Una noche en la que abuelo apenas dormitaba, la guerra dentro del polaco cambió de temperamento, como anunciando la vecindad del fin. Clarines y vítores precedieron una sorda explosión. Atamisky tuvo lo que cualquier médico habría llamado epilepsia; pero abuelo Ernesto, contándome esta historia una tarde de otoño, cuarenta y seis años después, bautizó ese ataque de epilepsia como «la batalla final», como el Día D de la campaña a la cama del polaco. El puño de la explosión dejó en el aire un amargo olor a pólvora que traspasó las paredes del dormitorio; pronto ingresaban allí la dueña del salón y sus dos hijos.

—¡El balde de arena! —gritaron.

Las sábanas de la cama inferior ardían y el cuerpo del polaco yacía quemado y malherido, boca abajo en el suelo. La espalda desnuda revelaba una colección de profundas cicatrices; eso encarnizado allí era la guerra de la que el abuelo había escapado, atravesando el mar. Nadie de los cuatro en torno al cuerpo aceptaba la idea de tocar aquella piel. Pero así como la repulsión hacia el cadáver de Atamisky era la misma en la dueña y en sus hijos que en abuelo, otra cosa los separaba. Abuelo advertía en ellos una mirada acusatoria. En la noche había detonado algo así como un disparo, le faltaba una bala al trabuco que Atamisky dejaba sobre la mesa de luz cuando dormía, y todas las sospechas conducían a Ernesto. Nadie creería la historia de una rata fusilada por un cocinero, y menos la de un hombre capaz de explotar.
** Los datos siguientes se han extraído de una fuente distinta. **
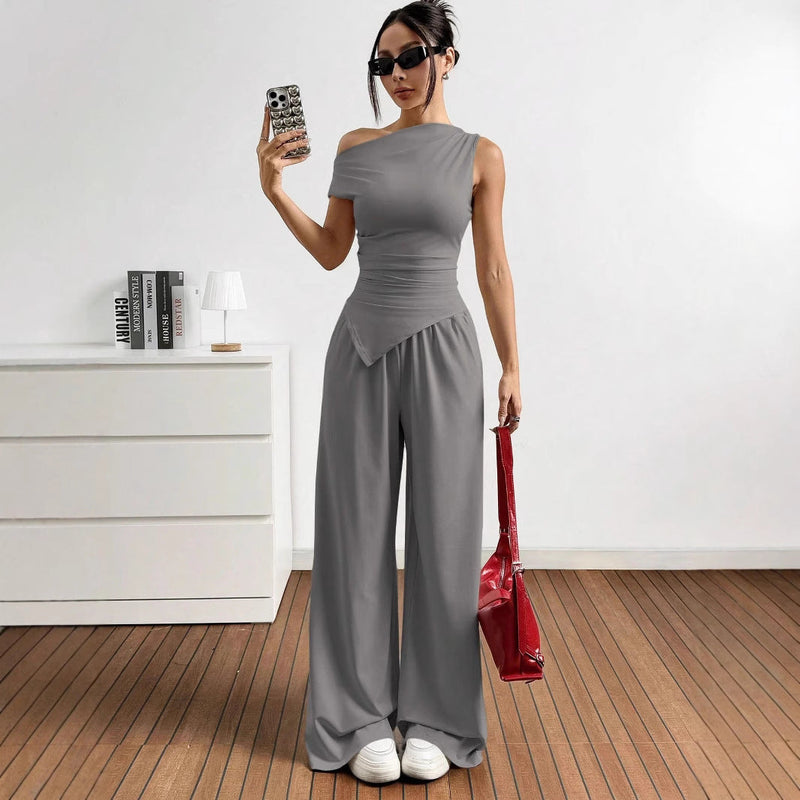 Gracefully Designed Garment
Enfrentado a las acusaciones de la dueña y de sus hijos, abuelo Ernesto saltó de la cama alta y aterrizó descalzo a un paso del cuerpo de Atamisky. Tomó el trabuco y amenazó con abrir fuego si le impedían escapar, pero algo punzante y metálico ya había astillado la planta de su pie derecho. Era una esquirla. Con la explosión, el polaco había esparcido varias en el suelo. Por los poros que antes las habían albergado goteaba ahora una sangra oscura, espesa, y esa sangre indicaba que la guerra terminaba; tras un redoble, Atamisky se rendía con un ronco quejido.

*

(Abuelo Ernesto se descalzó una tarde, poco antes de su muerte, y por única vez me enseñó las cicatrices en la planta de su pie. Había atravesado mi infancia esperando ese momento, y no porque dudara de la anécdota de abuelo y el polaco. «Esto es estar en pie de guerra», comentó él, e inclinando mi cabeza hasta tocar el suelo alcancé a oír un leve rumor de salvas: el grave ronroneo de un combate en miniatura).